MPCA web application

The MPCA web application (https://mpca-chouchani-lab.dfci.harvard.edu/) was hosted on the Shiny R server. The application was written and developed with the Shiny R package, and data visualizations were made possible with the following packages: shiny, tidyverse, ggpubr, visNetwork, png, dqshiny, DT, gsubfn, shinyjs, glue, shinydashboard and plotly.

Statistical analyses

Quantification and statistical analysis pipelines are described in the sections above. Data analysis was performed in Excel, R, and GraphPad Prism. Data were expressed as mean ± s.e.m. unless otherwise noted, and P values were calculated using two-tailed Student’s t-test for pairwise comparison of variables. For enrichment analysis, Fisher’s exact tests were used. For correlation and enrichment analysis, P value was adjusted using the Benjamini–Hochberg procedure⁸⁵, and adjusted P < 0.05 was considered significant. Sample sizes were determined based on prior reports using similar methods^10,12. Unless otherwise stated, all stated replicates are biological replicates.
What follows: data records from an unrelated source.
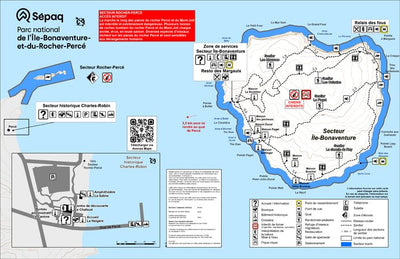 Parc national de l’Île-Bonaventure-et-du-Rocher-Percé: Carte générale Preview 1
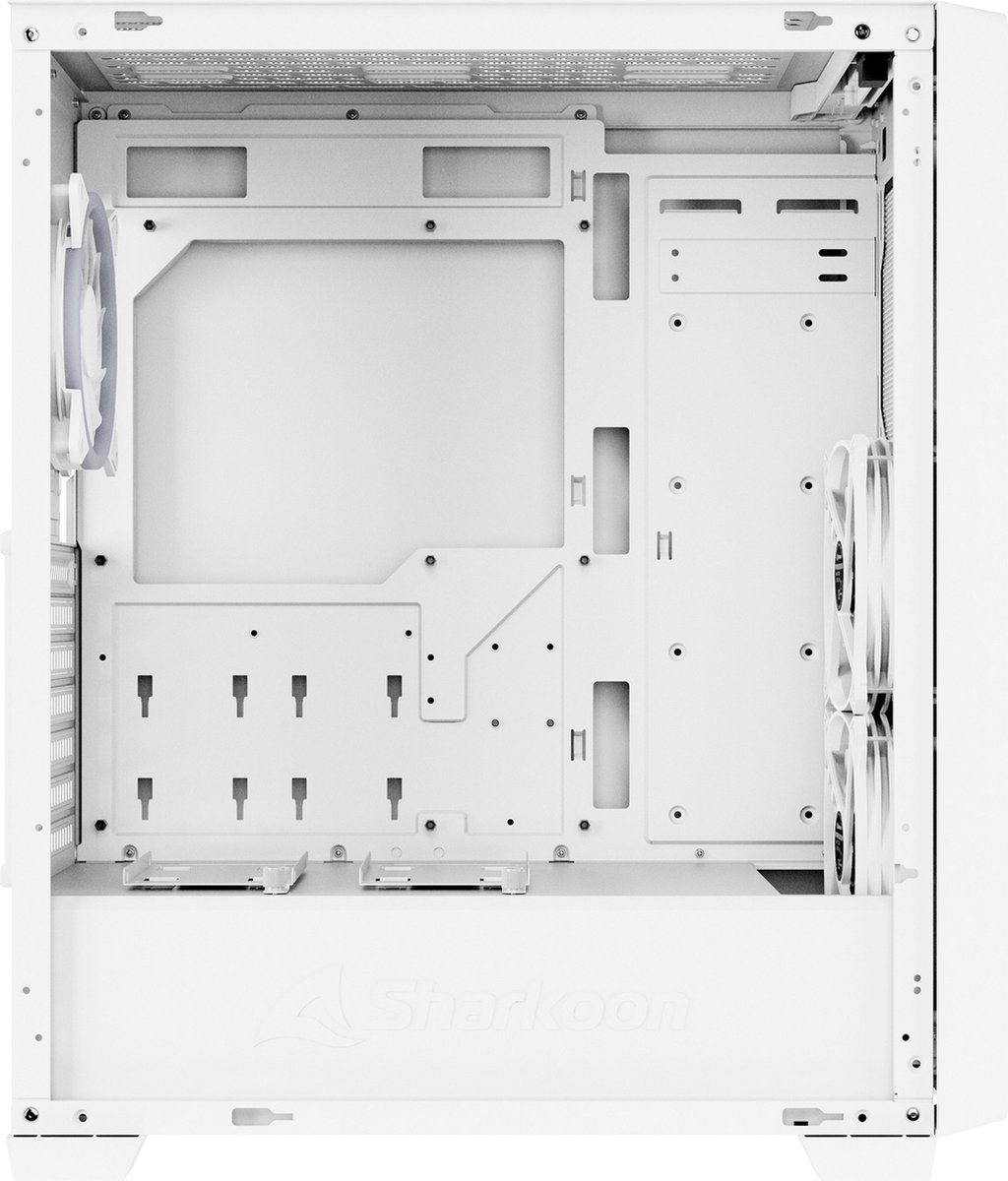 Sharkoon Vs8 Rgb Midi Tower Wit behuizing - afbeelding 9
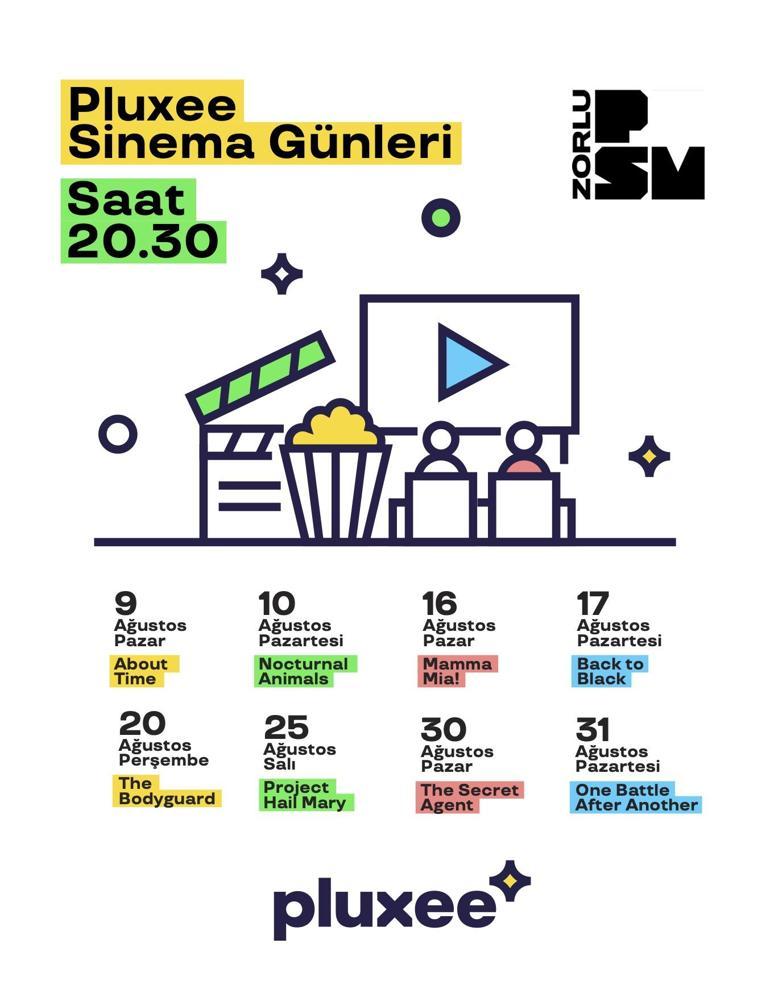 Pluxee Sinema Günlerinin ağustos programı açıklandı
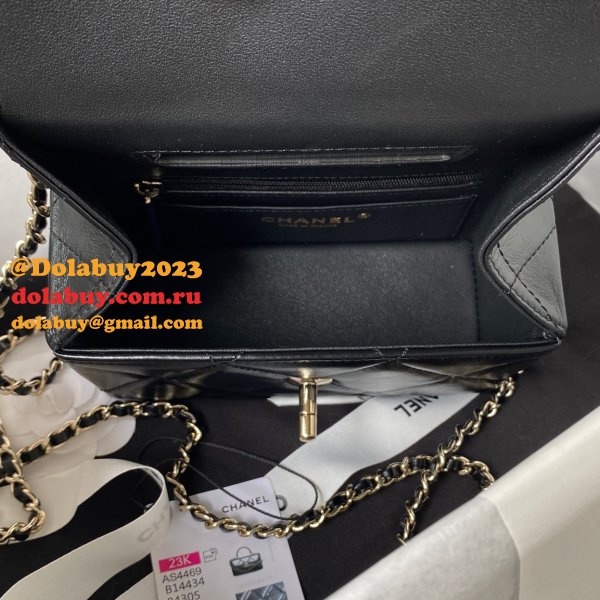 Top Quality UKs Shiny Box Tote 1:1 Mirror AS4469 Bag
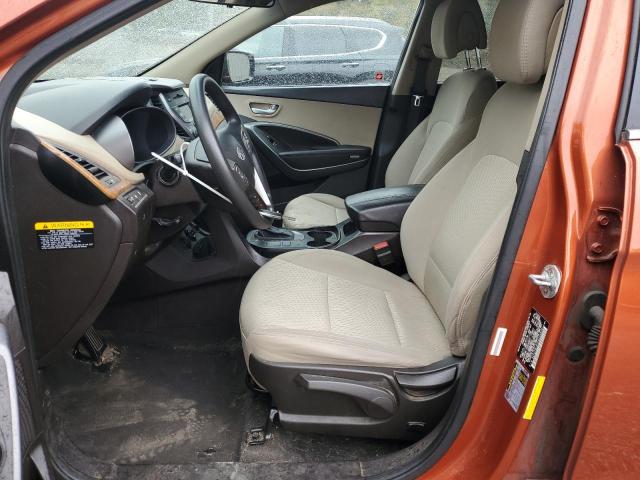 5XYZTDLB7FG233928 - 2015 HYUNDAI SANTA FE S ORANGE photo 7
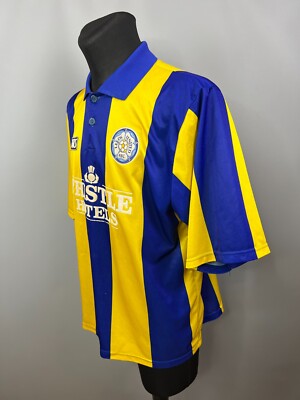 LEEDS UNITED 1993 1994 AWAY SHIRT FOOTBALL SOCCER JERSEY ASICS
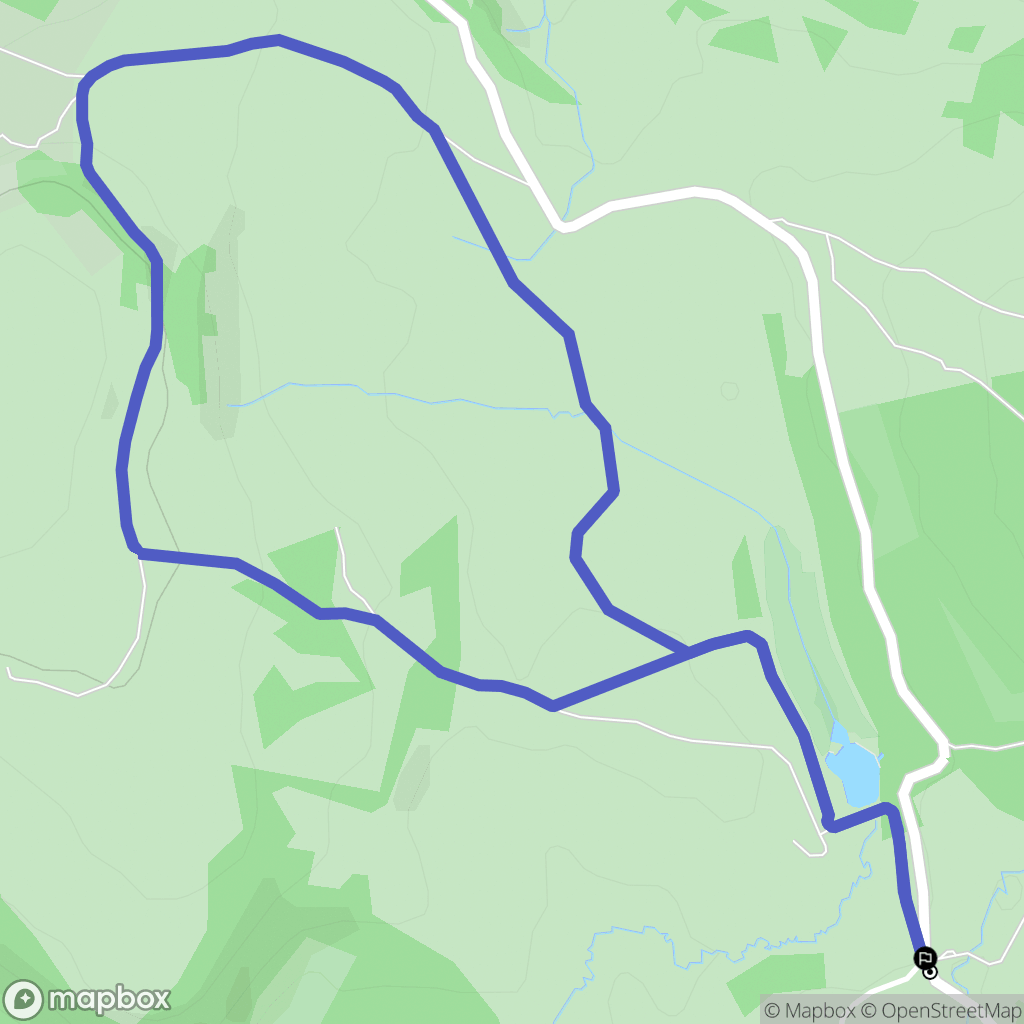 Les Hermaux : carte du parcours de randonnée - France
For cell experiments, each biological replicate was originated from a shared genetically validated stock, independently plated, cultured for at least 48 h, and independently replated prior to the experiment. For MS analyses, sample order was randomized.

Reporting summary

Further information on research design is available in the Nature Portfolio Reporting Summary linked to this article.